Mr. Archer, a respectable bootmaker, of Cheapside, London, stated that he sat on the box with the prisoner Perdy. When the coach arrived at that part of the road beyond Highgate, where a junction is formed between the Archway Road and the old Highgate Road, the Chester Mail came up. Both coachmen began to whip their horses and put them into a gallop, and drove abreast of each other at a furious rate for a considerable distance, when the driver of the Chester Mail slackened the pace of his horses, and seemed conscious of the impropriety of his conduct; but when the coaches approached towards St. Albans, and had arrived at the hill about a mile from that town, the prisoner Perdy put his horses into a furious gallop down the hill. His example was followed by the other prisoner, who endeavoured to overtake him; and a most terrific race ensued between the two carriages, the velocity of both increasing by their own accelerated descent down an abrupt hill.
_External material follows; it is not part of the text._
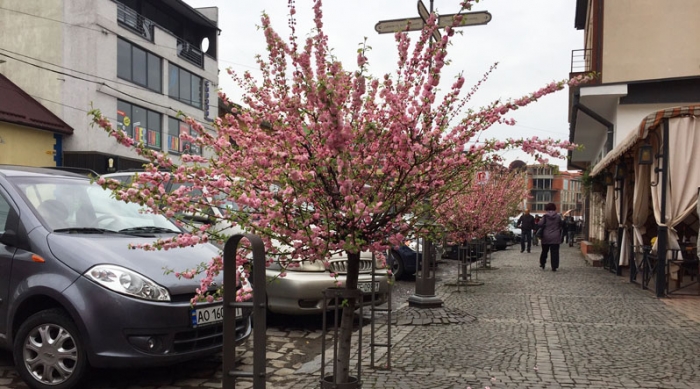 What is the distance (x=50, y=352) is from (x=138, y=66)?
3046 cm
The road was wide enough for three carriages to pass each other; but the prisoner Butler, perceiving that Perdy was keeping ahead of him, pushed his horses on, and waving his hat and cheering, suddenly turned his leaders in front of the leaders of the Holyhead Mail, which, in consequence of being jammed in between the bank of the road and the other vehicle, was immediately upset. The consequences were frightful. The deceased was killed on the spot, the witness had a leg and an arm shattered most dreadfully; and a gentleman's servant, named Fenner, was taken up almost lifeless.